-- WHAT TO PRODUCE --
Please write out every line of the material, leaving out any picture.

-- INFORMATION SHOWN --
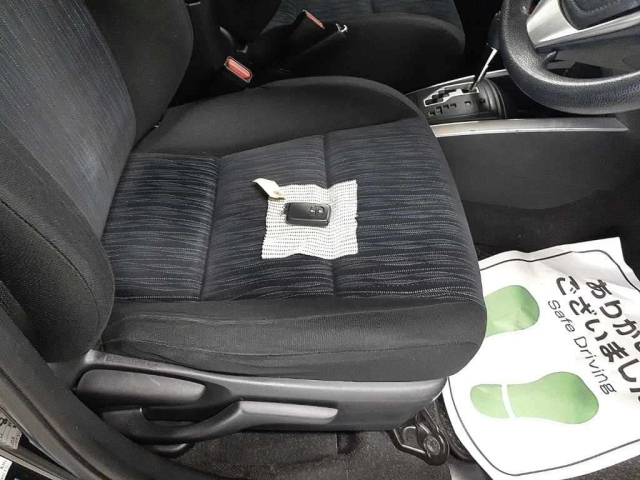 TOYOTA COROLLA FIELDER 2012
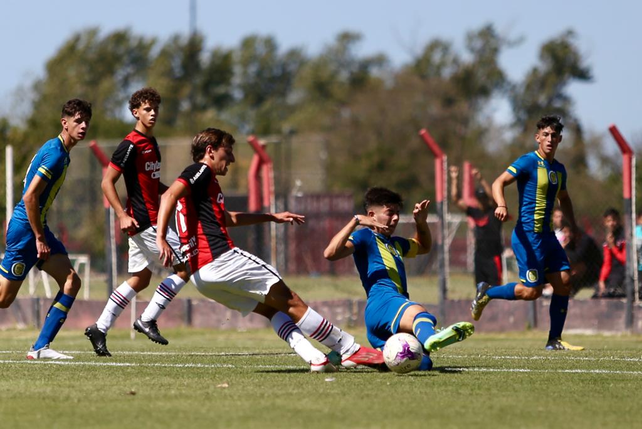 Newells sumó más que Central en los clásicos de inferiores de Rosarina.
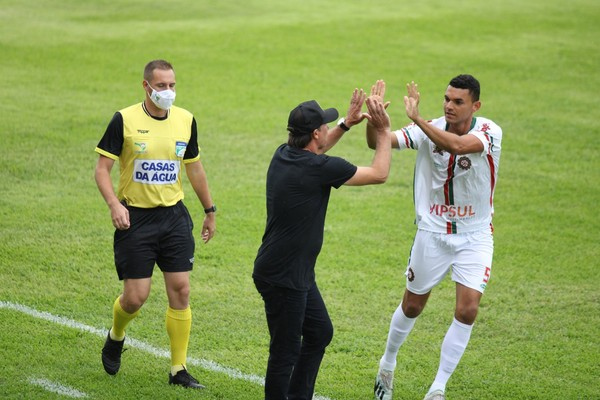 Jessé é homem de confiança do técnico Paulo Baier (Foto: Divulgação)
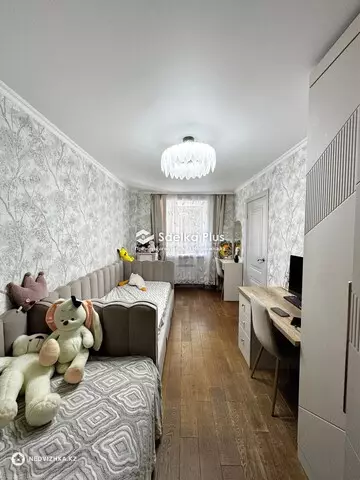 2-комнатная квартира, этаж 4 из 5, 41 м²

-- ANSWER BELOW --
 TOYOTA COROLLA FIELDER 2012
 Newells sumó más que Central en los clásicos de inferiores de Rosarina.
 Jessé é homem de confiança do técnico Paulo Baier (Foto: Divulgação)
 2-комнатная квартира, этаж 4 из 5, 41 м²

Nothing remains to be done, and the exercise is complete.